WHAT YOU HAVE TO DO =
Write down exactly the lines from the one below that has "Slow Living: Photo Stickers II" to the end of the data, both ends included; the pictures should not appear in your copy.

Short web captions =
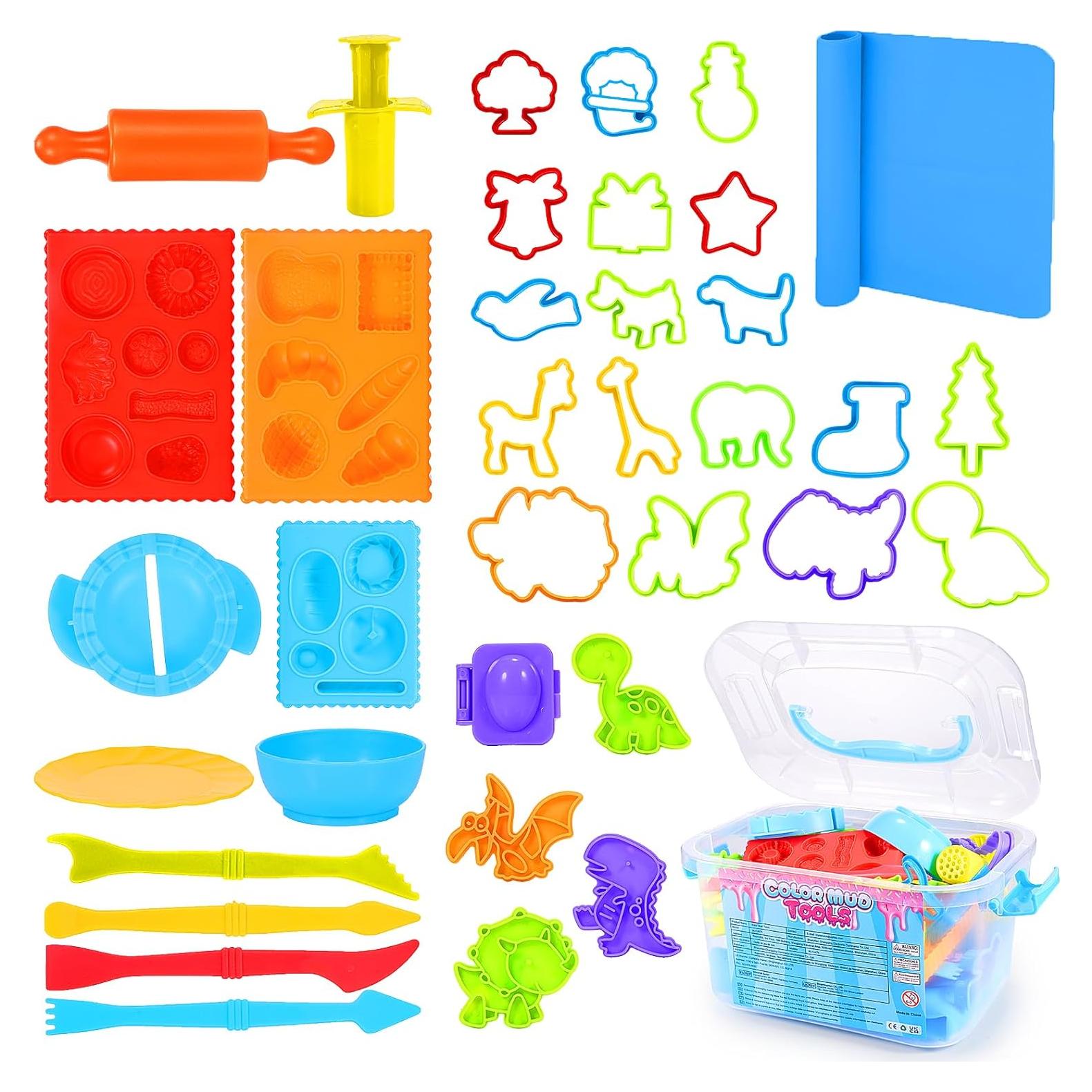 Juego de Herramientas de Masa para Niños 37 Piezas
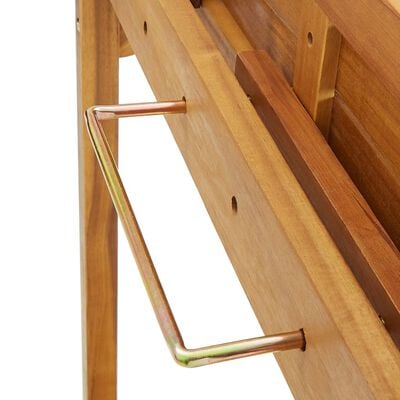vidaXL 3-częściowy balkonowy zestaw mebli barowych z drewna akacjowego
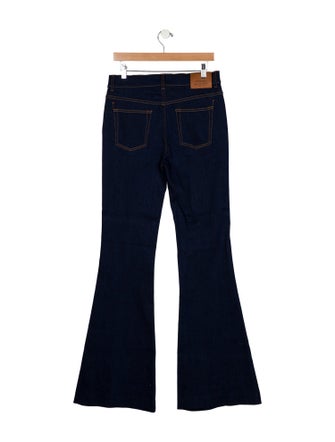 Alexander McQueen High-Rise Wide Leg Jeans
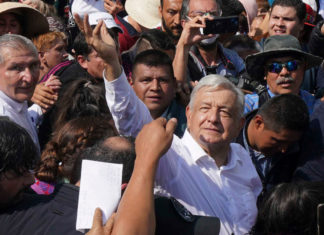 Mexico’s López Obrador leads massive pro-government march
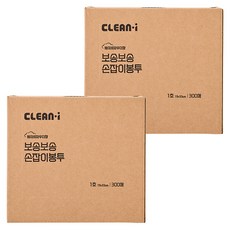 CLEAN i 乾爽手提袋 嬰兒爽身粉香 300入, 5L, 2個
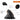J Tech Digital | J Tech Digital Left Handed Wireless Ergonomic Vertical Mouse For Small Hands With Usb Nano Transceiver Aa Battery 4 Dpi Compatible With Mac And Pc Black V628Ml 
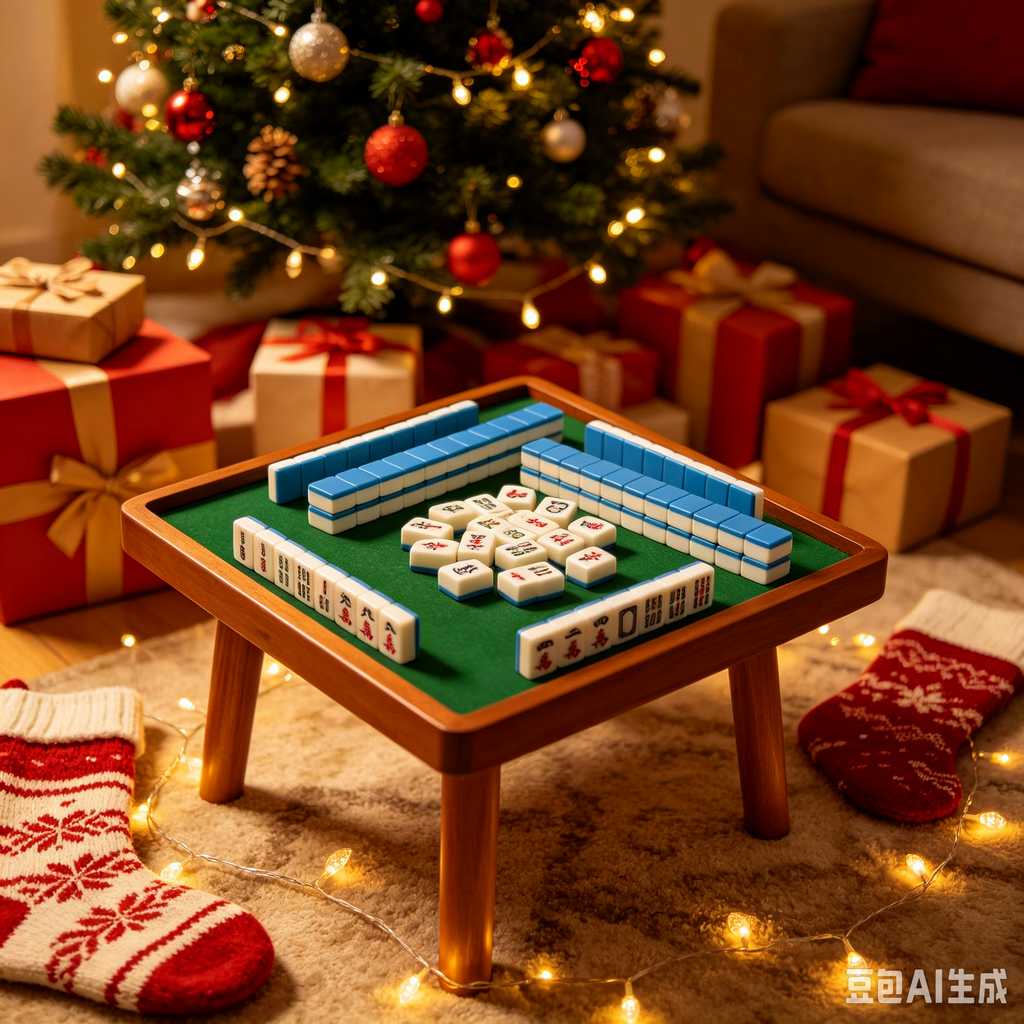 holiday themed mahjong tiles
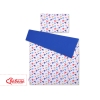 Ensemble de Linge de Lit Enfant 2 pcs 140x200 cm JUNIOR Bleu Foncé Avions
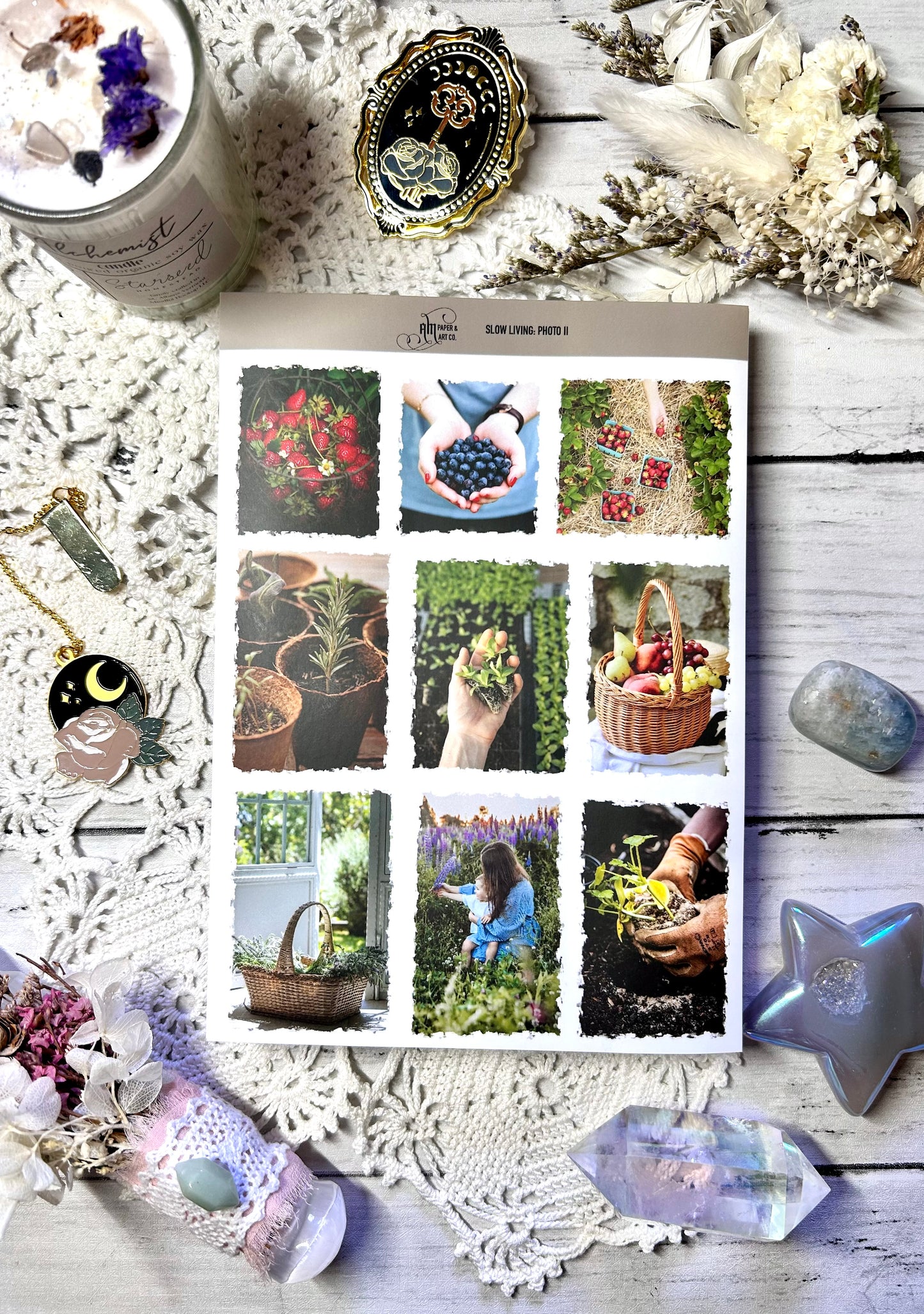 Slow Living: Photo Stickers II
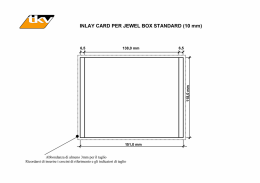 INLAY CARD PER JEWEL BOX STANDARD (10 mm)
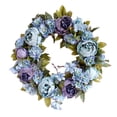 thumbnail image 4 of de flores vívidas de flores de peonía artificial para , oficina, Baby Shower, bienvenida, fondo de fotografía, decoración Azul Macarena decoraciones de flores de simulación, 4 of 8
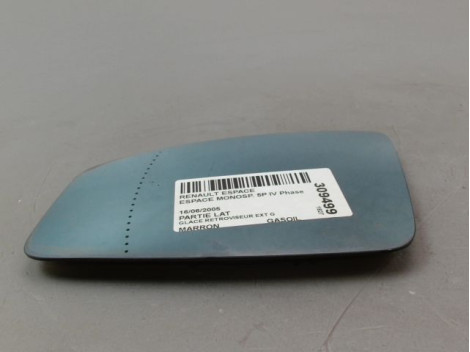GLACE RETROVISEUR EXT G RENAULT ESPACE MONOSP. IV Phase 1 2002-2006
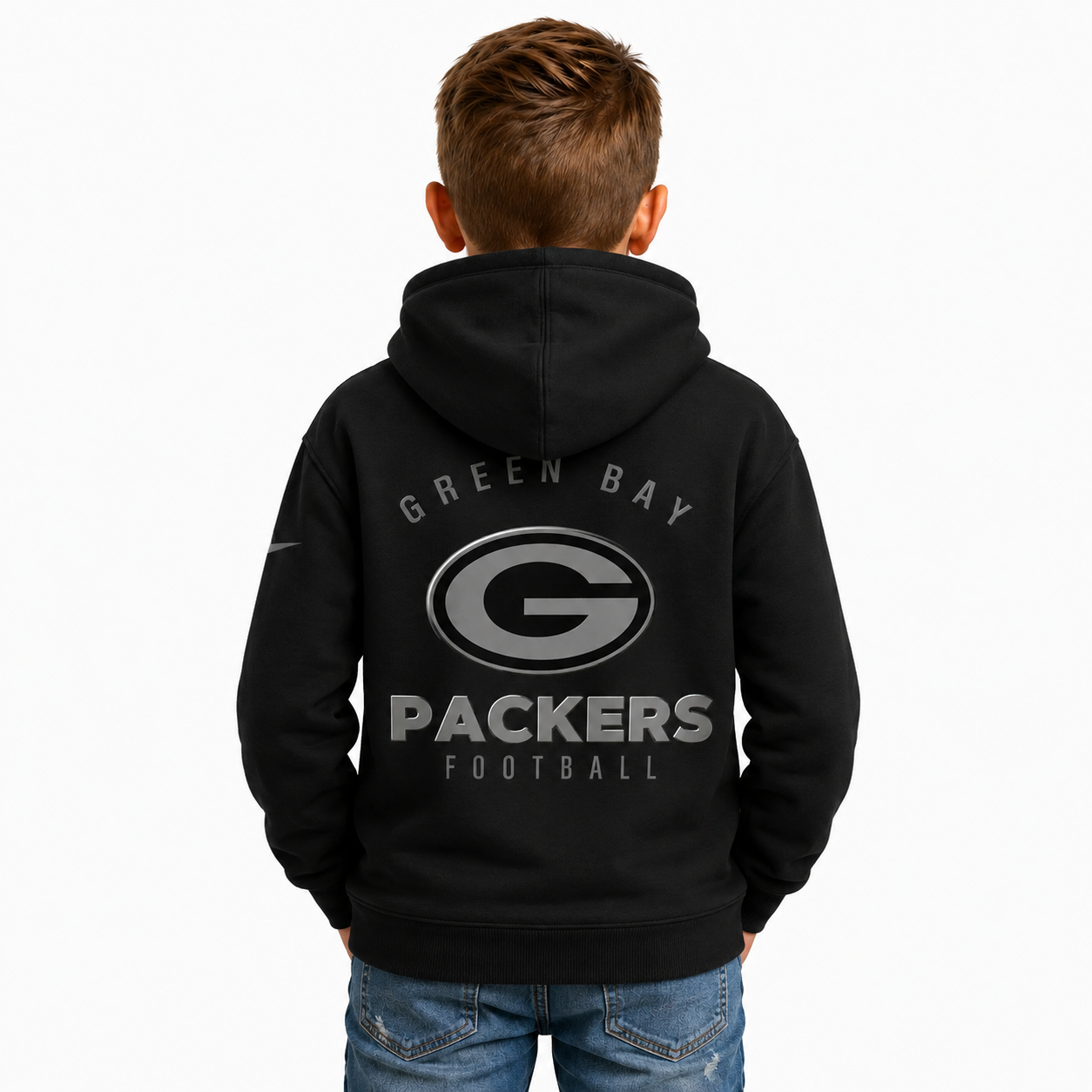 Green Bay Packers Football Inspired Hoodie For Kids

EXPECTED ANSWER =
 Slow Living: Photo Stickers II
 INLAY CARD PER JEWEL BOX STANDARD (10 mm)
 thumbnail image 4 of de flores vívidas de flores de peonía artificial para , oficina, Baby Shower, bienvenida, fondo de fotografía, decoración Azul Macarena decoraciones de flores de simulación, 4 of 8
GLACE RETROVISEUR EXT G RENAULT ESPACE MONOSP. IV Phase 1 2002-2006
 Green Bay Packers Football Inspired Hoodie For Kids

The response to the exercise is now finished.